Le Soleil, Caroline Grégoire

Machines humaines

Dans le hall d'entrée de la salle Multi, l'installation 5RNP Étude humaine #1, de Patrick Tresset, impose déjà une aura de fascination. Cinq robots sur des pupitres recréent une classe de dessin, où les spectateurs peuvent prendre rendez-vous pour servir de modèle vivant pendant une quarantaine de minutes. «Les robots [qui se nomment tous Paul] sont programmés pour reproduire des caractéristiques du style de Patrick Tresset lorsqu'il dessine», explique Ariane Plante. Mais ils ont chacun leur personnalité; l'un a un trait plus nerveux, l'autre est mauvais élève et a un style qui détonne... Les visages dessinés cinq fois sont regroupés dans une mosaïque, placée sur le mur.
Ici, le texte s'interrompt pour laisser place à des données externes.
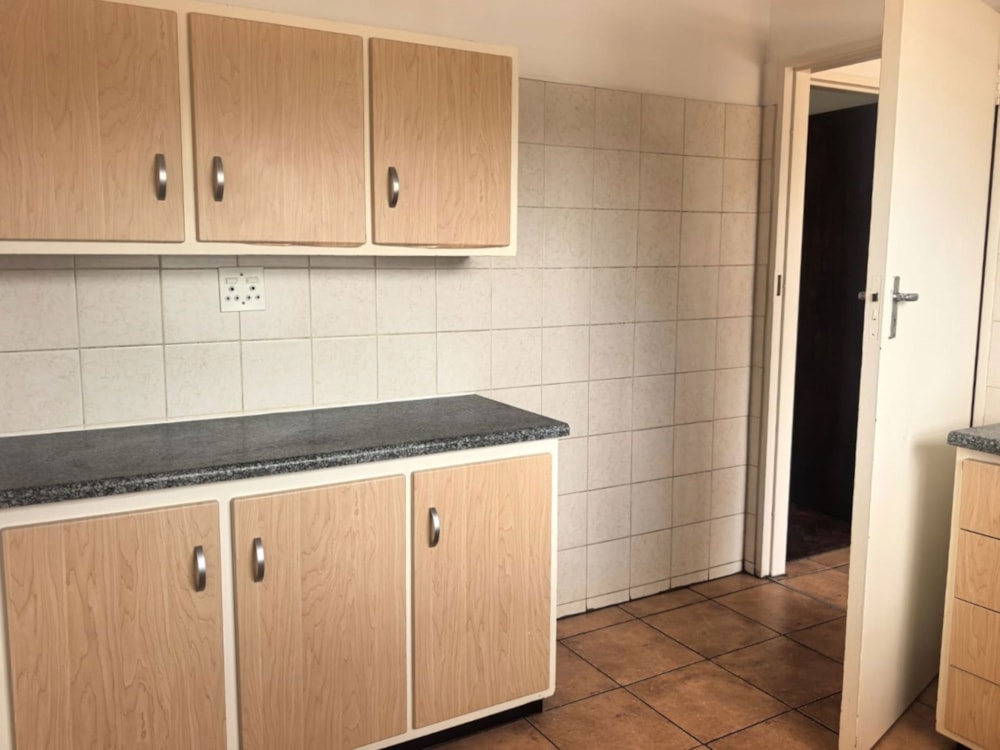 Bachelor apartment to rent in Selection Park - 1SP1734819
Trois installations se divisent l'espace de la salle Multi. Dans une pièce d'une blancheur aveuglante, les visiteurs pourront d'abord faire la rencontre d'ADA, de Karina Smigla-Bobinski. Un ballon de trois mètres de diamètre, hérissé de bâtons de fusain, flotte dans l'espace, attendant d'être poussé sur les murs pour que les visiteurs y laissent leur trace. L'artiste en parle comme d'un être vivant, qu'il faut apprivoiser et dont il faut s'efforcer de comprendre les réactions, sous peine de transformer la danse en une vraie lutte contre l'entité flottante. Le nom fait référence à la fille de Lord Byron, scientifique qui élaborera le premier ordinateur analogue en 1834, selon l'artiste, et la forme évoque les nanotechnologies. La démarche est surtout une manière de ramener de la liberté dans l'art et d'inclure le spectateur dans la création de l'oeuvre.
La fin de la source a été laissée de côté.